England, until the mid-sixteenth century, was Spain’s strongest ally. The friendship between the two countries, however, ended with the death of Mary Tudor in 1558 and “the accession to the throne of Elizabeth I.” Under Elizabeth I, England became a Protestant nation. Queen Elizabeth firmly maintained it was England’s God given right to have a share in the wealth of Spanish America. Every attempt the Queen made to secure friendly trading relations with Spain ended on the brink of disaster. As a result, her attitude towards Spain became bitter.

Throughout the reign of the Tudors, English sailors and merchants engaged in small-scale raids in the Caribbean, not funded by the English crown. Their aim was purely out of individual interests for personal wealth and profit. Under Elizabeth I, piracy became a national business. It was one which attracted Protestant men from other parts of Western Europe. “Between 1568 and 1572 French and Dutch Protestant privateers went into partnership with England’s West Country pirates.”

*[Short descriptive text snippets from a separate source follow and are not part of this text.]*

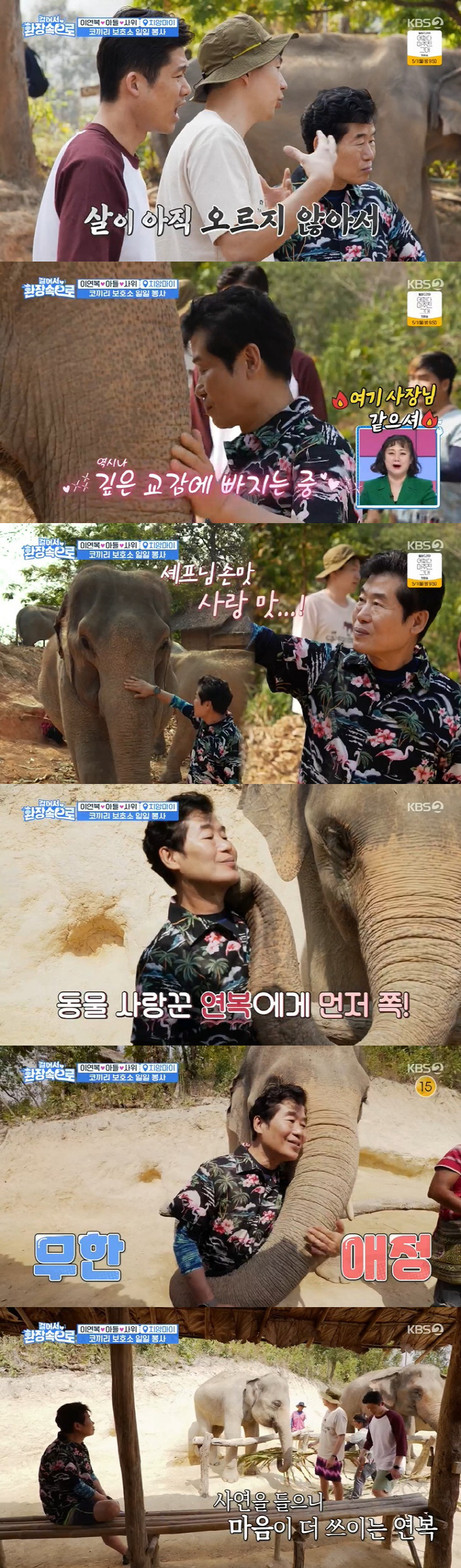 "이연복, 유기견 보호센터에 돈 엄청 보내" 가족도 혀 내두른 동물 사랑…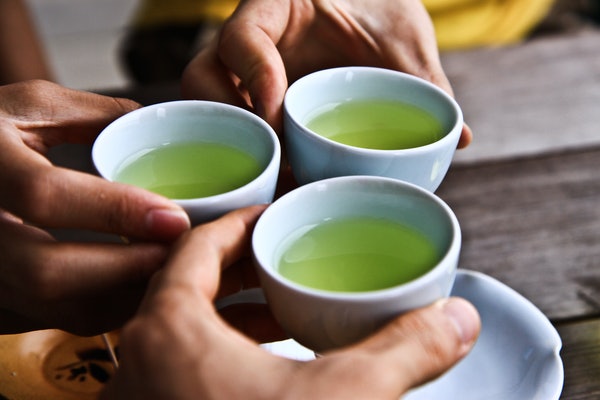 Антиоксидант из зеленого чая защищает «хранителя генома»
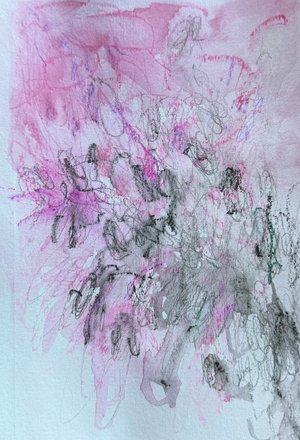 Chinese Fringe Flower - Loropetalum chinense by Kat Wright
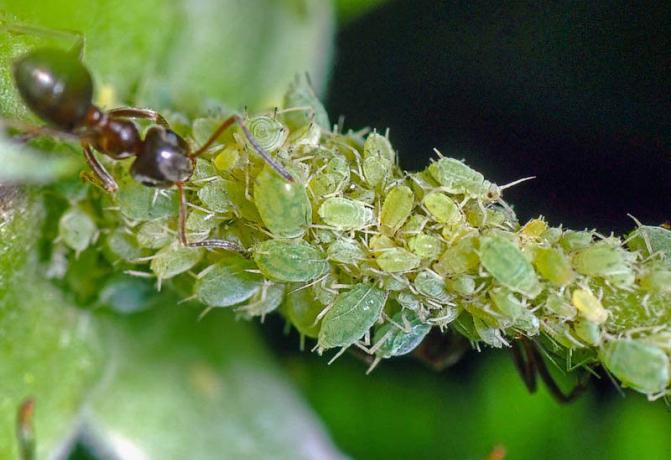 Hvordan at slippe af med bladlus og myrer på træerne på samme tid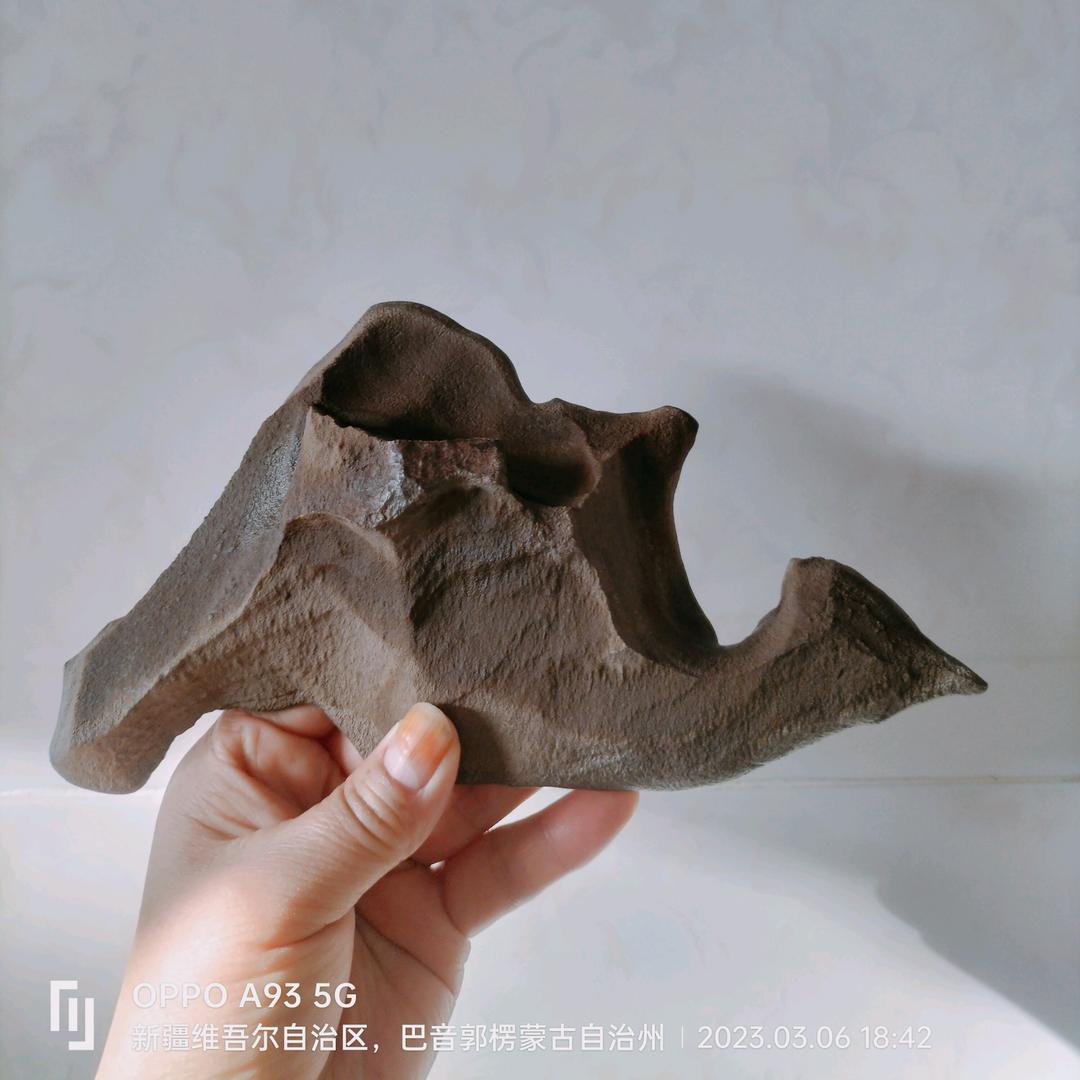 向日葵🌻户外捡石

One of the most notorious pirates of the era was Sir Francis Drake. He was most renowned for his skills as a seaman and privateer. In 1572, Elizabeth I granted him a commission to sail over the Atlantic, plunder Caribbean and coastal villages, and bring the booty back to the English court. Drake’s voyage almost ended in disaster. More than half his men, including his brother, died from disease and injuries in the swampy jungles of the Panama. His dismal expedition made a drastic improvement when he and his men came across a mule train stacked with bars of silver and gold. Drake, with the help of his remaining crew captured it, violently seizing all of the precious metal from the helpless Spanish merchants. This expedition earned him a title and immense fortune when he returned to England. His success on this commission also earned him the firm respect and backing of the Queen. Elizabeth granted Drake a second commission, and in 1577, he sailed once again across the Atlantic with the intention of sailing through the straight of Magellan in Southern Chile.

It took him sixteen days to sail through the Magellan straight before he entered the Pacific Ocean. Drake then sailed up the Coast of Southern America, ruthlessly attacking Spanish merchant ships. He took more than half of all precious metals and other exotic goods from these ships. His ship, the Golden Hind nearly sank underneath the heavy weight of the gold and silver bars, gems and minted Spanish coins. Even after throwing half of his booty into the ocean to keep his ship afloat, Drake still “yielded a 4,700 per cent profit.”

When Drake arrived in Plymouth Harbour, his ship filled with treasure and spices, he was welcomed by the Queen with a huge public celebration. She gave him royal approval for his piratical activities in Spain’s imperial waters by knighting him on board the Golden Hind. This greatly encouraged many common English sailors who sailed for the Caribbean in increasing numbers. Of course, not all sailors were sanctioned by the crown. Much like the pirates of the Tudor era, these men were attracted to the precious metals and other treasures of Spanish America. They were determined to obtain a significant portion of this wealth for themselves.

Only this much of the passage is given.